*** Begin section ***

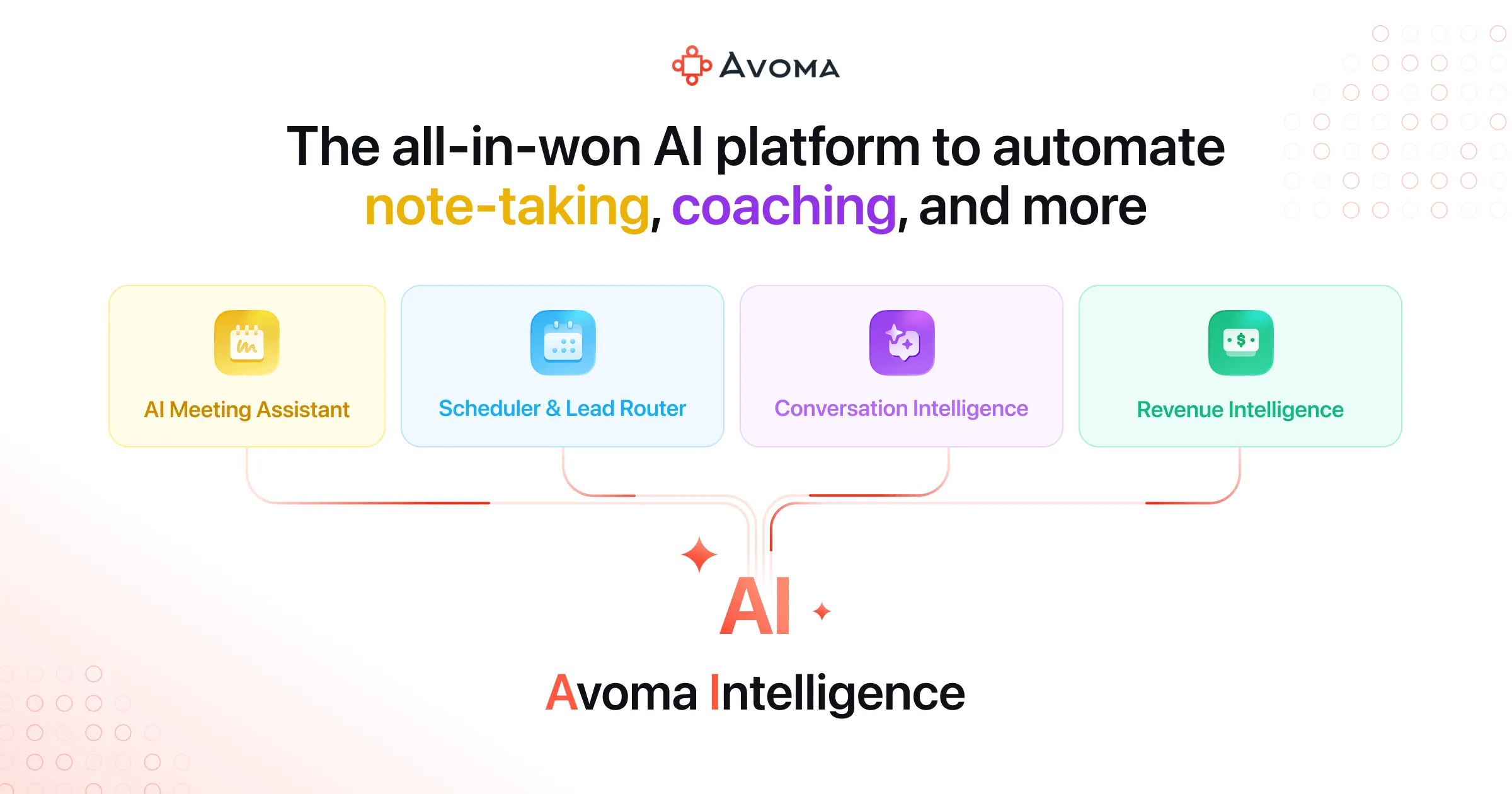Avoma product image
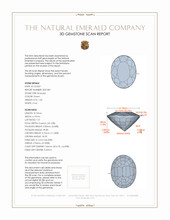 1.05 Ct. Emerald from Zambia 3 D Scan Report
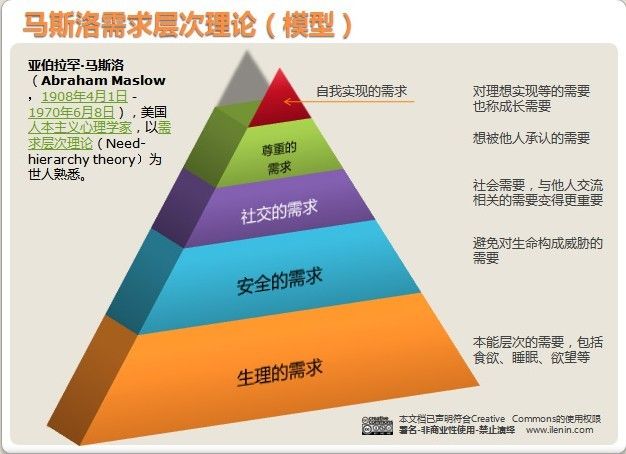 写新媒体类消息的格式_新媒体与数字媒体_新媒体时代传统广播媒体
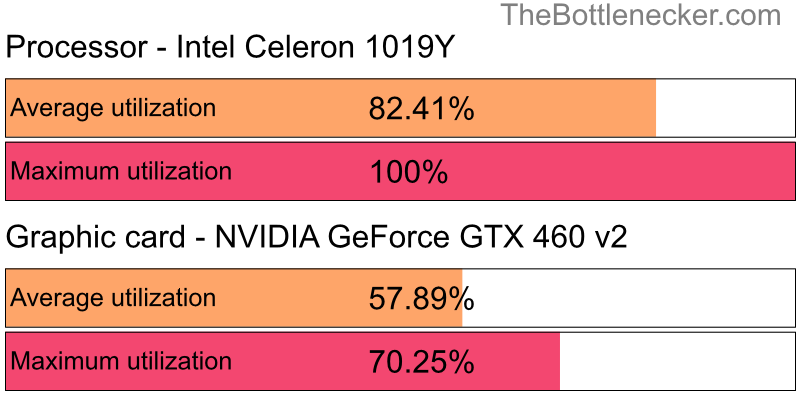 Utilization chart of Intel Celeron 1019Y and NVIDIA GeForce GTX 460 v2 in General Tasks with 1280 × 1024 and 1 monitor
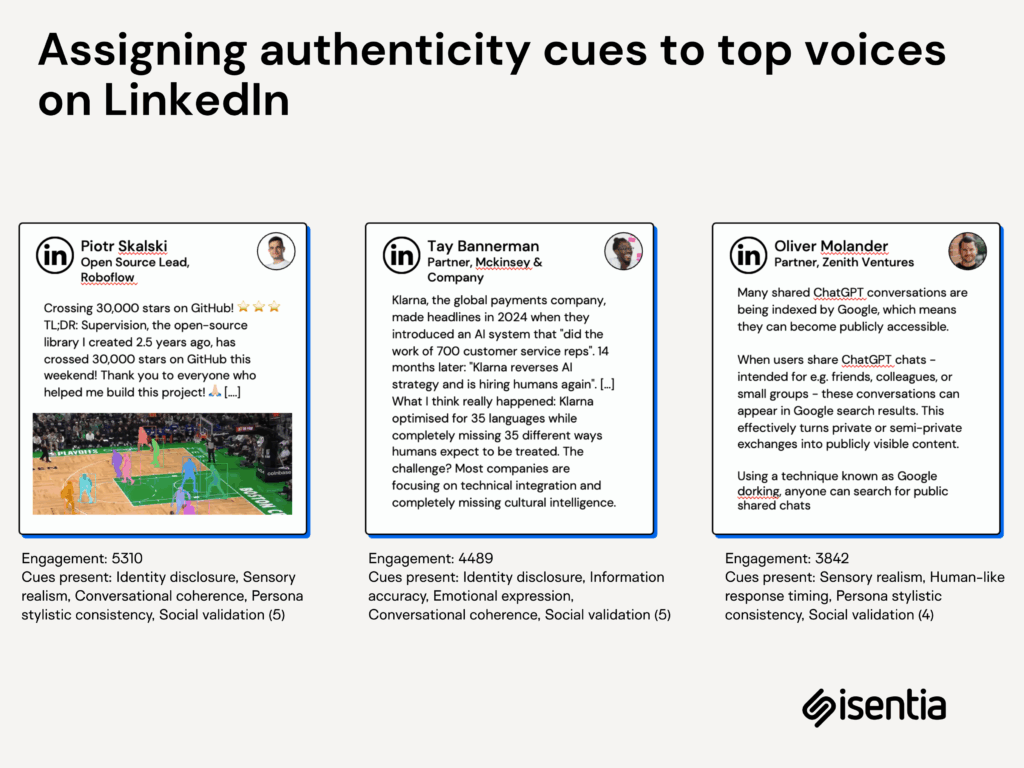 Moving beyond AI as a quick fix for smart business measurement 9 1762520762 881 Moving beyond AI as a quick fix for smart business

*** End section ***

> [Problem description]: Your copy must match the records above word for word and contain no pictures.

> [Expected answer]:
Avoma product image
 1.05 Ct. Emerald from Zambia 3 D Scan Report
 写新媒体类消息的格式_新媒体与数字媒体_新媒体时代传统广播媒体
 Utilization chart of Intel Celeron 1019Y and NVIDIA GeForce GTX 460 v2 in General Tasks with 1280 × 1024 and 1 monitor
 Moving beyond AI as a quick fix for smart business measurement 9 1762520762 881 Moving beyond AI as a quick fix for smart business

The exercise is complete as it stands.